▸ Instructions to follow
Word for word, restate the lines from the start of the data below through the line containing "Верстак ВП-2/1.2 Ш1200Т1 графит".

▸ Material to process
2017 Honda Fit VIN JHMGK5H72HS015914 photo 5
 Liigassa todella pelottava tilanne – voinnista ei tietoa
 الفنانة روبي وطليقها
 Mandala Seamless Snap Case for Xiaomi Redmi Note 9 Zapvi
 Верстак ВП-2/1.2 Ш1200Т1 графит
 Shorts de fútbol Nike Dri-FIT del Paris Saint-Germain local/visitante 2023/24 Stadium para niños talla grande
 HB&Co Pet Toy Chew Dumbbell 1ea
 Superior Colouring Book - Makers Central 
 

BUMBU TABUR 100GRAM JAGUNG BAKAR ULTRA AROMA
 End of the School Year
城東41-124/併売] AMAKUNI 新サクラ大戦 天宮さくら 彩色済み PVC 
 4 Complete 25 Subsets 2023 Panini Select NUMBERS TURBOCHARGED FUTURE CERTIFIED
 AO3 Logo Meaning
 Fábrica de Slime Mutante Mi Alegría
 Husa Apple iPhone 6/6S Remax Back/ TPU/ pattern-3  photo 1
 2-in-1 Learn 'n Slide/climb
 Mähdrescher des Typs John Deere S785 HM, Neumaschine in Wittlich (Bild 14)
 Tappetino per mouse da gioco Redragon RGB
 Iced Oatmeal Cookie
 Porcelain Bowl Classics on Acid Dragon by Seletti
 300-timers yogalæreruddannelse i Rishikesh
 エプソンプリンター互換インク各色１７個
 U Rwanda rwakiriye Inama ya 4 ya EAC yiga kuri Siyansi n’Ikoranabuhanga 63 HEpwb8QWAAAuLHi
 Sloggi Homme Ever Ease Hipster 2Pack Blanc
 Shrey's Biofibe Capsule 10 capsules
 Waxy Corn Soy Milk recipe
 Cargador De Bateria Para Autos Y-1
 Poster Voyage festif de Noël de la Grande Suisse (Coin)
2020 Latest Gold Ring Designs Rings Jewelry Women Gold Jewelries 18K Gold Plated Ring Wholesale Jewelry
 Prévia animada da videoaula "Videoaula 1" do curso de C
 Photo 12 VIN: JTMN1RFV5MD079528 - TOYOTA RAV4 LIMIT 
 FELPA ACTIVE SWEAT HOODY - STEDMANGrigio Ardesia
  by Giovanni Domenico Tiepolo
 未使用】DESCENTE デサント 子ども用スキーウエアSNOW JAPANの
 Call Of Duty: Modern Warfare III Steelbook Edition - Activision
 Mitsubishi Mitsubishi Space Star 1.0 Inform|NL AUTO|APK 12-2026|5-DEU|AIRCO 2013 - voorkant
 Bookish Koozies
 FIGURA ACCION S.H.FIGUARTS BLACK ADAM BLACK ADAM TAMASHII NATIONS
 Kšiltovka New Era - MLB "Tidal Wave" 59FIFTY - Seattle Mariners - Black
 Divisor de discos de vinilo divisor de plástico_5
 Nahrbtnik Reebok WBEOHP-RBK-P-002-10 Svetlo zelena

▸ Task result
2017 Honda Fit VIN JHMGK5H72HS015914 photo 5
 Liigassa todella pelottava tilanne – voinnista ei tietoa
 الفنانة روبي وطليقها
 Mandala Seamless Snap Case for Xiaomi Redmi Note 9 Zapvi
 Верстак ВП-2/1.2 Ш1200Т1 графит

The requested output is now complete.